Open XiangdongGu opened 3 years ago
PH test can be achieved by adding interaction term with time, see book section 4.4.3 in book Modelling Survival Data in Medical Research by David Collett. Likelihood ratio test can be used to test the interaction term to infer whether the PH assumption is violated or not.
simdata3 <- datasim(N = 1000, blambda = 0.05, testtimes = 1:8,
sensitivity = 0.7, specificity = 0.98, betas = c(0.5, 0.8, 1.0),
twogroup = NULL, pmiss = 0.3, design = "MCAR", negpred = 1)

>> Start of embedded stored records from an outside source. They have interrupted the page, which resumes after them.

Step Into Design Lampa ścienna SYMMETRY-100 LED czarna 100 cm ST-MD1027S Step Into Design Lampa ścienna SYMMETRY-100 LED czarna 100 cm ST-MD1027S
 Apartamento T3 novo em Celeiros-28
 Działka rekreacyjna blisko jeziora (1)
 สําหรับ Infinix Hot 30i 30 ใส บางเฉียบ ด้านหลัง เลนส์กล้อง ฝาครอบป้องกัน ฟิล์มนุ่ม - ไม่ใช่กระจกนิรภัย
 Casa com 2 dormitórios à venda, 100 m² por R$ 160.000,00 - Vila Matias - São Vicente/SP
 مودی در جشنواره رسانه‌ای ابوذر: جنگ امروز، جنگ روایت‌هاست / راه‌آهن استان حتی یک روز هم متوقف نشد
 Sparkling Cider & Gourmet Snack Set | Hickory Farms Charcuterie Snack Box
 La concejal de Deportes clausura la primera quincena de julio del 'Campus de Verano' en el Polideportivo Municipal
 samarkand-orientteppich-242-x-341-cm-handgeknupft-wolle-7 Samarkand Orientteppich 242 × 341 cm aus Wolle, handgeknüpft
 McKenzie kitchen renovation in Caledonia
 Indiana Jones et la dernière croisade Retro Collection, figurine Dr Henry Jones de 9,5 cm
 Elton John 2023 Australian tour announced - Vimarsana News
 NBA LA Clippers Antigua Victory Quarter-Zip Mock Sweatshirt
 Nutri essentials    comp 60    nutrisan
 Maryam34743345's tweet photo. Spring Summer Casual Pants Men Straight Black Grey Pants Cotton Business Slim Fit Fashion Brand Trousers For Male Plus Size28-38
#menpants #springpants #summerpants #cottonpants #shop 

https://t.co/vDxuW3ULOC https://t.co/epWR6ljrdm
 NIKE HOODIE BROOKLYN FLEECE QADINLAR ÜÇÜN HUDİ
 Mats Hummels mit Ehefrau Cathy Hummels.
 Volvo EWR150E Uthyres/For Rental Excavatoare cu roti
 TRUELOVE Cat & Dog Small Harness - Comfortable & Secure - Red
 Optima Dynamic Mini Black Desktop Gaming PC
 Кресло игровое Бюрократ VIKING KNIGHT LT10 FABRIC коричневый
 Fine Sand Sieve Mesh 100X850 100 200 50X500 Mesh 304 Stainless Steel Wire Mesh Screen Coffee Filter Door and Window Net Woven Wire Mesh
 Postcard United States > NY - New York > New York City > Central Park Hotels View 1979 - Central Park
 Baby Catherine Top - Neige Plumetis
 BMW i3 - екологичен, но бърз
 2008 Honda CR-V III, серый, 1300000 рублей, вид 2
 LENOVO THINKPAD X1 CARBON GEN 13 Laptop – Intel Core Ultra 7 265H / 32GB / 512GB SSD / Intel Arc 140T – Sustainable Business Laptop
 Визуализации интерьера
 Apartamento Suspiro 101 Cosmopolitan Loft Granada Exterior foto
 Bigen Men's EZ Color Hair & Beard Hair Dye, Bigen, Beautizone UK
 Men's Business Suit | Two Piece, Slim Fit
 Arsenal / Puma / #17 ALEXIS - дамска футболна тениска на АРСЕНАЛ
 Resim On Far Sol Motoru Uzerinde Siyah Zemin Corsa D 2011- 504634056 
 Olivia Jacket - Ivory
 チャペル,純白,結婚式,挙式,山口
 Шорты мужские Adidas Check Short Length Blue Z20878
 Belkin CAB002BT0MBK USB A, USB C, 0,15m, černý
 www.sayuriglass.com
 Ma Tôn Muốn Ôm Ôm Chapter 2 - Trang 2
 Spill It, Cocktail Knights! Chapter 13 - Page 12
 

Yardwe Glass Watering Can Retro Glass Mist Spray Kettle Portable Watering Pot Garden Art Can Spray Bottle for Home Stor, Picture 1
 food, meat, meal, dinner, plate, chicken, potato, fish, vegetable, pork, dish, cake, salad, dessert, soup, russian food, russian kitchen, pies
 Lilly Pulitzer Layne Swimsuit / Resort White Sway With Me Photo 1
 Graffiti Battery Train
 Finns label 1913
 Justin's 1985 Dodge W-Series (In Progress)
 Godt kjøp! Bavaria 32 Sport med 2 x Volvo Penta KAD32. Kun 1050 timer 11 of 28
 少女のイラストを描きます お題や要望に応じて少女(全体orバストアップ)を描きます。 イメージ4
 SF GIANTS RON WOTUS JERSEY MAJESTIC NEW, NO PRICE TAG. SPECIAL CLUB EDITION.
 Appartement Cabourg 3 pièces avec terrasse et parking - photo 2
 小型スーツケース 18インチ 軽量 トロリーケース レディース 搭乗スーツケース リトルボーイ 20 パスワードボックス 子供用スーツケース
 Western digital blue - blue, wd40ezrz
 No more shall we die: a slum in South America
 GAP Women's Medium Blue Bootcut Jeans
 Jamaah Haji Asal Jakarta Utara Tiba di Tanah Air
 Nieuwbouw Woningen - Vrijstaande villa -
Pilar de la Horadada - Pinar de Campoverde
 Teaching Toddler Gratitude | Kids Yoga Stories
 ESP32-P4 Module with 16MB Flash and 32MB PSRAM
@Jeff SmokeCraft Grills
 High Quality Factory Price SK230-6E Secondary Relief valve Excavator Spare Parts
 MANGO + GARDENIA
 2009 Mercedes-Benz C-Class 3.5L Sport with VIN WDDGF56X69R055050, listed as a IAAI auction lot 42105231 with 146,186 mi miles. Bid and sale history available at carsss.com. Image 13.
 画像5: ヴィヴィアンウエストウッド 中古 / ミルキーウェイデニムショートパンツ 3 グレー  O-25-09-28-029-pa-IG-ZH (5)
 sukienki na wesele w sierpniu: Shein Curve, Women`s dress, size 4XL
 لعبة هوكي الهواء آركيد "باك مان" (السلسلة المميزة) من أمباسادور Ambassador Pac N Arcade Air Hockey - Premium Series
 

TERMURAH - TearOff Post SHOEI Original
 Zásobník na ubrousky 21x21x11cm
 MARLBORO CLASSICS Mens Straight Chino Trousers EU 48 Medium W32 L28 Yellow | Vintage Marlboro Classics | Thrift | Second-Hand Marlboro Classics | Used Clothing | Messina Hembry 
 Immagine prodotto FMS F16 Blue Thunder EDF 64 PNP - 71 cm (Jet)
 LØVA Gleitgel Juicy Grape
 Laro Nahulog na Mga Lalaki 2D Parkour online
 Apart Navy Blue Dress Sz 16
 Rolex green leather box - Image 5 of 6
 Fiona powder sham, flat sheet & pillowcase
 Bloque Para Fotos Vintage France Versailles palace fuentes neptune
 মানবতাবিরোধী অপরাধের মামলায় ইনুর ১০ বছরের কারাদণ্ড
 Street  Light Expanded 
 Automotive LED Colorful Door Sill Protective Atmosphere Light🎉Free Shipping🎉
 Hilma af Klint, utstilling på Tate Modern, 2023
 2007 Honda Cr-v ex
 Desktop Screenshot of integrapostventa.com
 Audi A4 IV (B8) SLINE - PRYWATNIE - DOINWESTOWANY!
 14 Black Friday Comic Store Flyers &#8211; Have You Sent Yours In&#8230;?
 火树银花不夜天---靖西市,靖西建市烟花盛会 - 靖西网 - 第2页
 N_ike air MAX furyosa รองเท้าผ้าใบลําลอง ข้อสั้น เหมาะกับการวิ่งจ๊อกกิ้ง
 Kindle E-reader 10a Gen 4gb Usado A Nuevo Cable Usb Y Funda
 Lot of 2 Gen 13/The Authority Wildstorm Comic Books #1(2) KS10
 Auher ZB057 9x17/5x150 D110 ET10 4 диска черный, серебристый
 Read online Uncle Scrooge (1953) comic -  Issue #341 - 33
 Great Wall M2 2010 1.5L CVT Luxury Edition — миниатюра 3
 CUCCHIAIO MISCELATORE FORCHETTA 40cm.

fit3 <- icmis(subject = ID, testtime = testtime, result = result,
data = simdata3, sensitivity = 0.7, specificity= 0.98,
formula = ~cov1+cov2+cov3, negpred = 1)
fit3int <- icmis(subject = ID, testtime = testtime, result = result,
data = simdata3, sensitivity = 0.7, specificity= 0.98,
formula = ~(cov1+cov2+cov3)*testtime - testtime, negpred = 1)
test_stat <- 2 * (fit3int$loglik - fit3$loglik)
pvalue <- pchisq(test_stat, 3, lower.tail=FALSE)
pvalue
Test PH assumptions by adding interaction terms between time and covariates. See how it is achieved in other models like Cox models.